The revelations by the Chief Executive Officer (CEO) of the Mineral Income Investment Fund (MIIF) that a staggering US$12 million was spent on the failed Agyapa Royalties deal, has consumed an unintended casualty, veteran journalist, Abdul Malik Kweku Baako.
He had in the wake of the scandal first broke by The Herald newspaper in a spirited defence, insisted that Africa Legal Associates, an Accra-based law firm owned by Gabby Asare Otchere-Darko, was not paid US$2 million for its work on the Agyapa Royalties deal. But recent revelation challenged his claims.
The figure was bandied about nearly four years ago by some persons as the amount Gabby and his firm grabbed for their advisory role on the deal.
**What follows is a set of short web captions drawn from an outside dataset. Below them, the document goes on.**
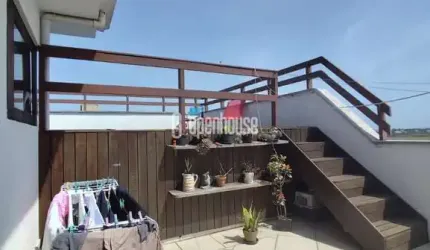 Cobertura com Piscina 4 Dormitórios 2 Suítes 3 Banheiro 2 Vagas
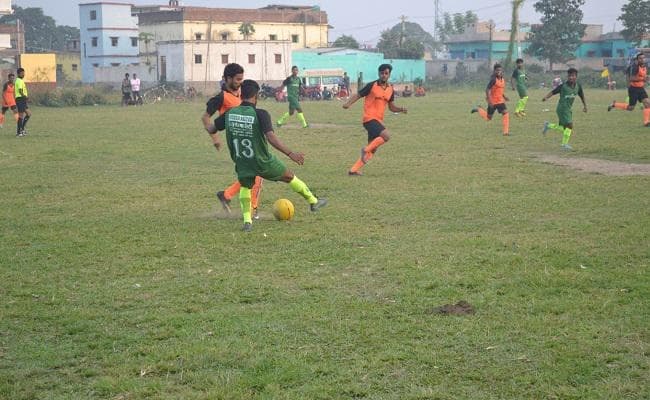 #Aaogoalkare : प्रभात खबर फुटबॉल टूर्नामेंट : एकतरफा मुकाबले में पूर्णिया ने किशनगंज को 3-0 से किया पराजित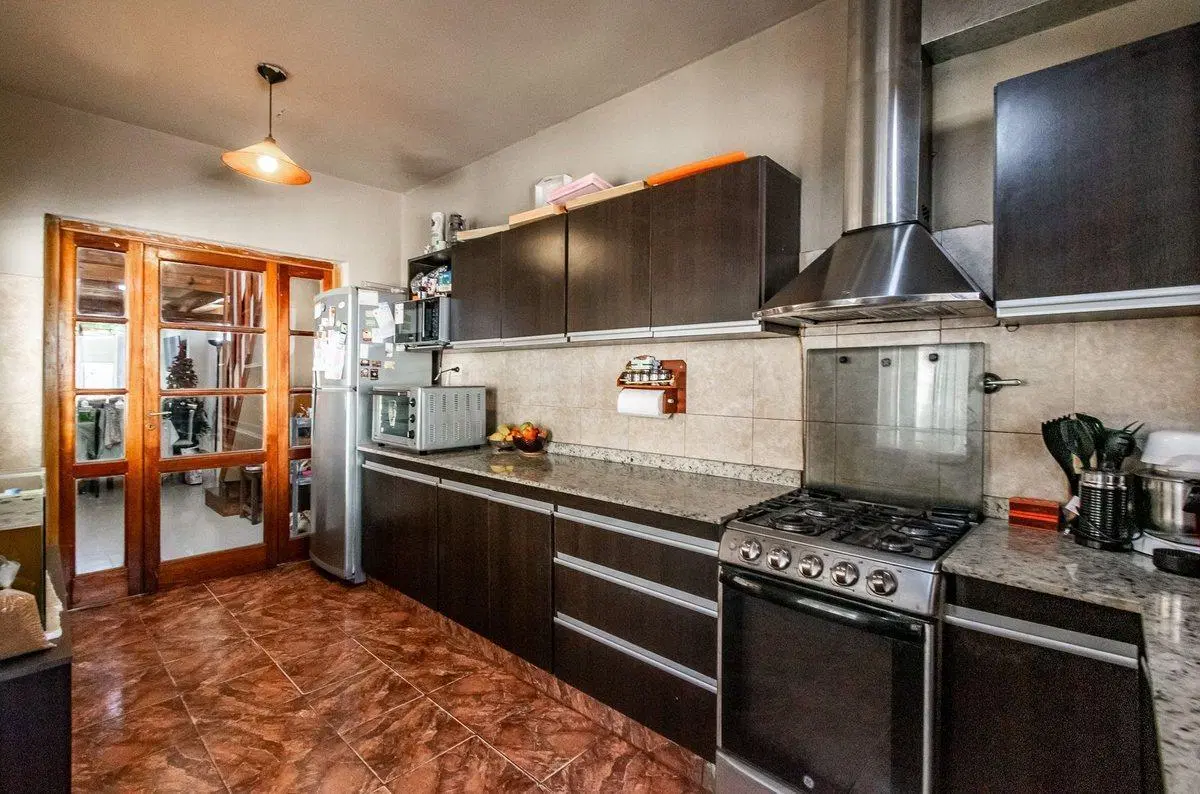 Venta Casa 4 AMB, Patio, Pileta cochera S Lugares 8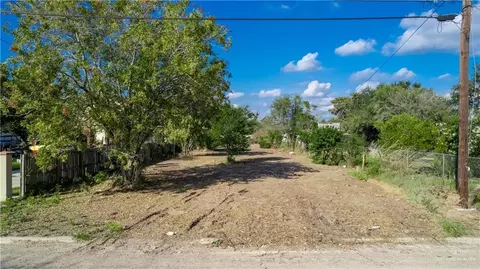 404 Cherokee Ln, Alamo, TX 78516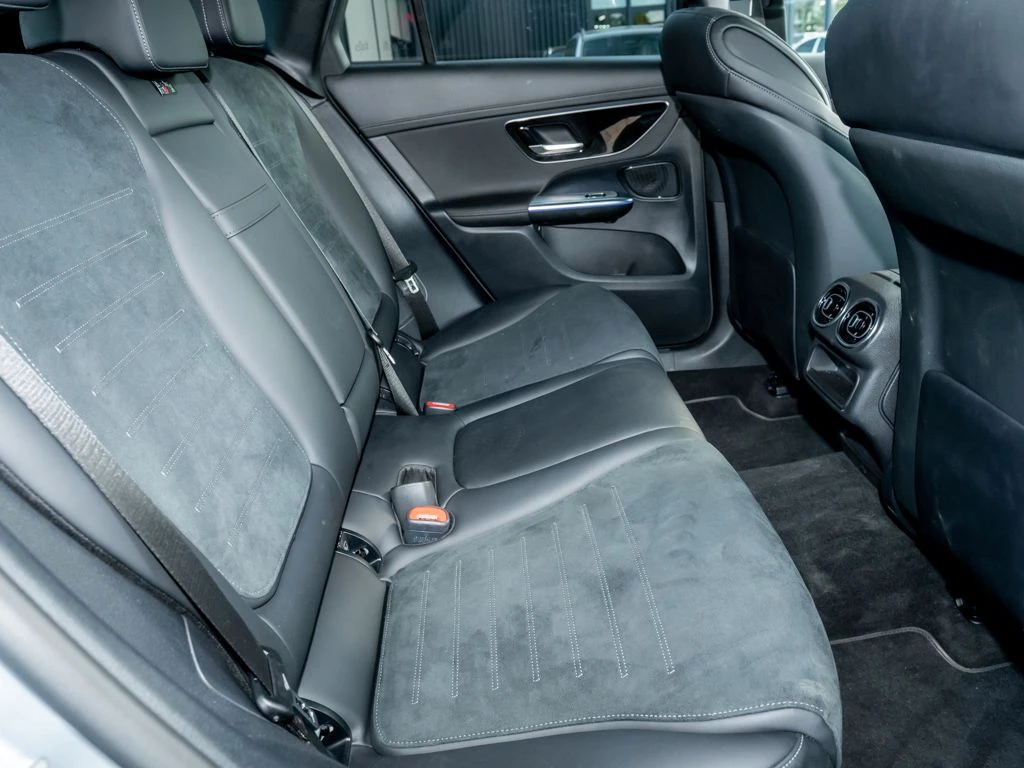 Mercedes-Benz-GLC 300 d-image-12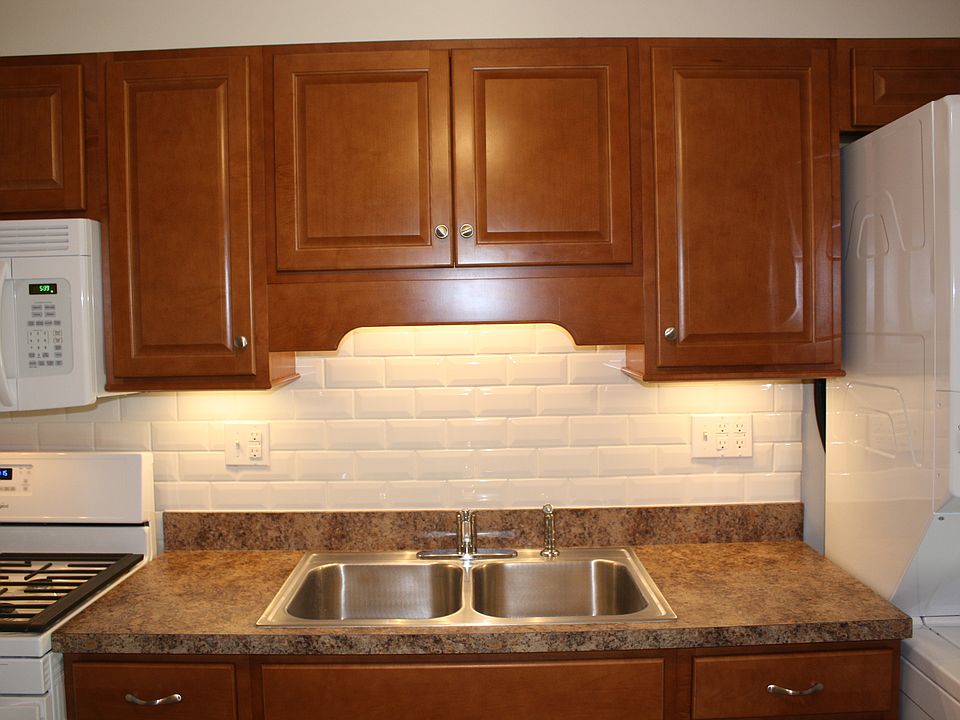 1st image of 29 Kenna Dr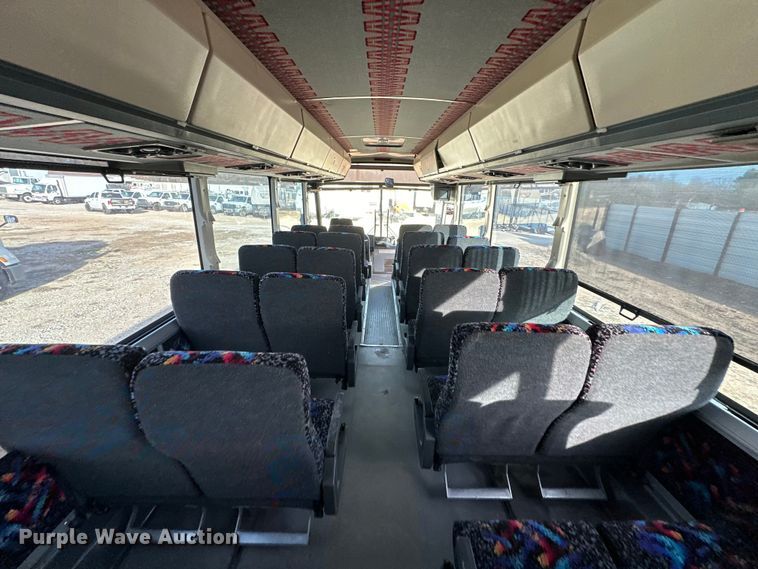 image for item OM9922 1992 Motor Coach Industries  102-C3 coach bus
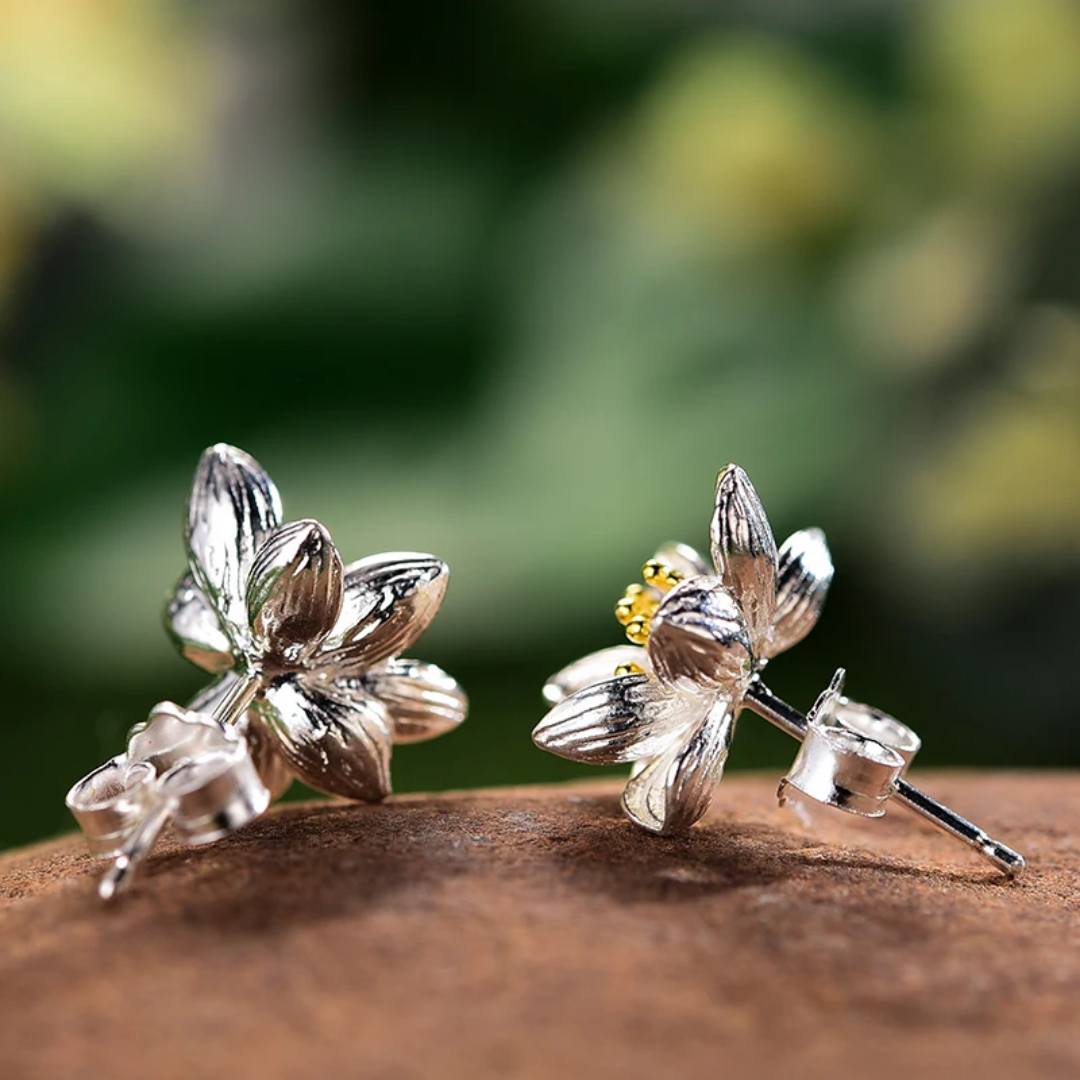 Sabrina`s Collection | Flower Stud Earrings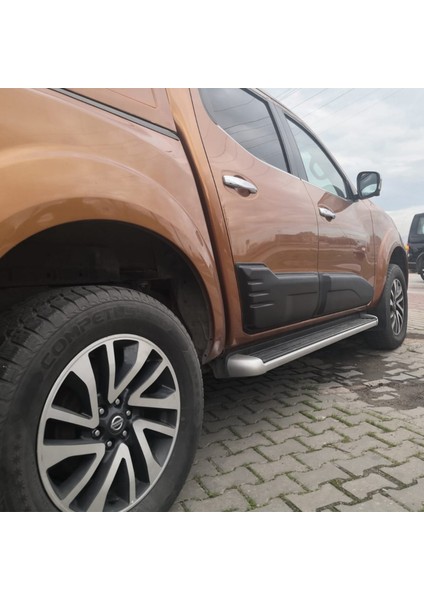 Nissan Navara Dodik Kapı Seti (4 Parça) | (2015-2020)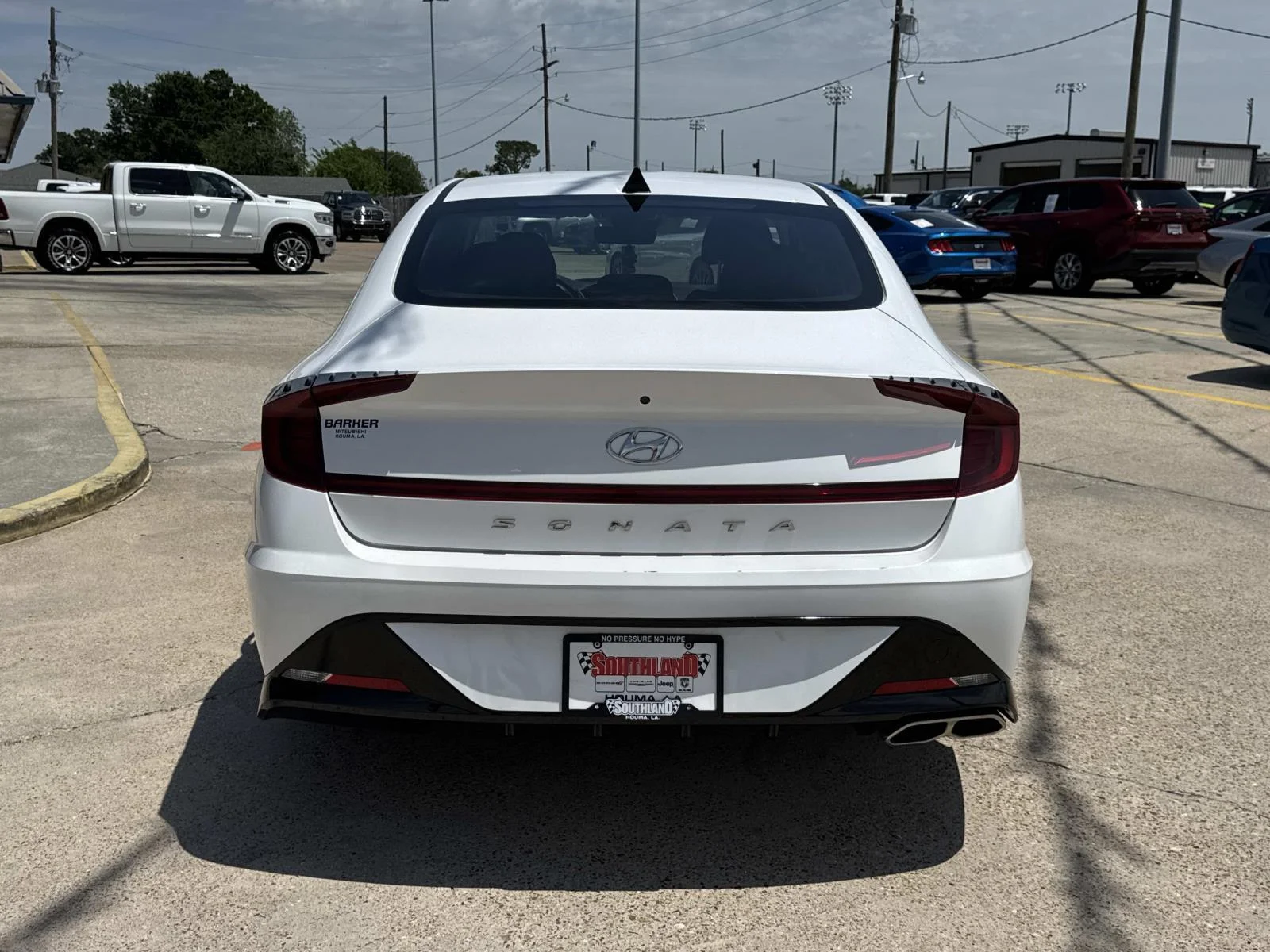 Used 2023 White Hyundai SEL image 6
But Baako claimed the quoted amount was way above what was paid to the law firm by the government.
“It is not true that Gabby’s firm got US$2 million from the deal. It is not true that his firm is a beneficiary of US$2 million. It’s not even up to US$105,000. It is the main transaction advisor that paid Gabby. It is about US$103,000. It is not US$2 million”, the editor-in-chief of the New Crusading Guide newspaper had insisted.
He clarified that, Britain-based White & Case LLP International Law Firm a UK-based law firm, was the principal advisor on the deal and Africa Legal Associates worked for the firm. Also there was Bentsi-Enchill, Letsa & Ankomah.
The Herald’s investigations had landed that a knighted Ghanaian with British nationality, Joshua Siaw, a partner in White & Case’s Global Debt Finance Practice and director of the Firm’s Africa practice, is a known friend of Gabby. Their law firms, have been involved in gigs involving the Ghana National Petroleum Corporation (GNPC).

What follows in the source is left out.